**Instructions to follow**
Copy out the data below from the line containing "Grand Cettia Hotel 75589" to the line containing "Гибель дельфина в", both lines included, with all images left out.

**Supplied records**
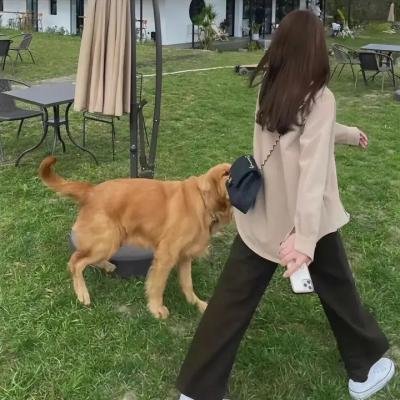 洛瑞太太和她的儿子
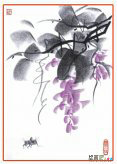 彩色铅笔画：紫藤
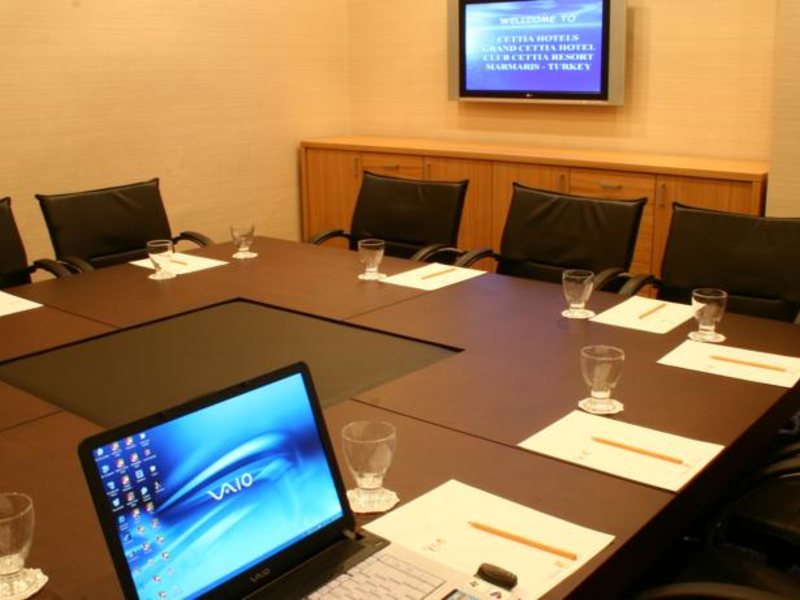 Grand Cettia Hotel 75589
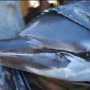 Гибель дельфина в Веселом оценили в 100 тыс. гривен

---

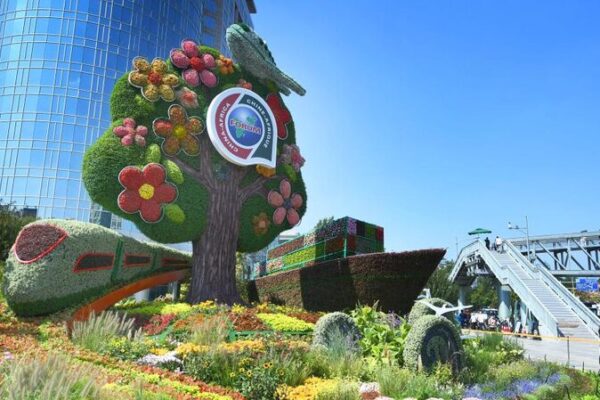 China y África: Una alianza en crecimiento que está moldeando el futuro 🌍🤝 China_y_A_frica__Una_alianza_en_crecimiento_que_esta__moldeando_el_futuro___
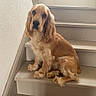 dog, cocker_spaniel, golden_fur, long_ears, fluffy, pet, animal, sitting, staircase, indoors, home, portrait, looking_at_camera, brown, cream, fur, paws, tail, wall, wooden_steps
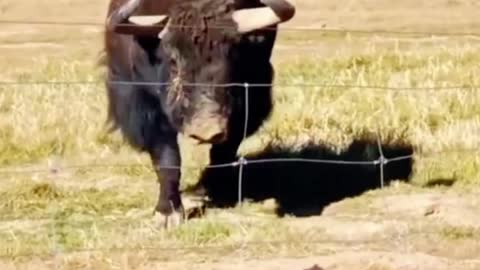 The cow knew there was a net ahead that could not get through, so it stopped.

==

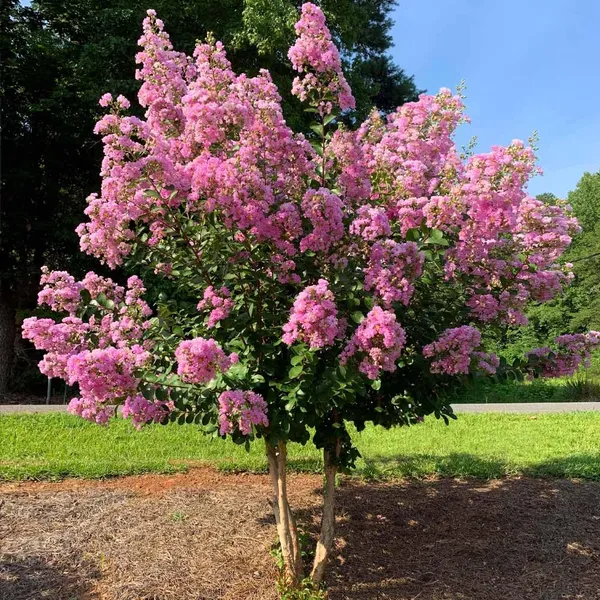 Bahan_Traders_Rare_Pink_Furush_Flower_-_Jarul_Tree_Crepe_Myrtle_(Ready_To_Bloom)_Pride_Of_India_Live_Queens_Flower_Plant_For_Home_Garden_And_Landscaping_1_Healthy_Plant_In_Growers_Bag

**Output**
 Grand Cettia Hotel 75589
 Гибель дельфина в Веселом оценили в 100 тыс. гривен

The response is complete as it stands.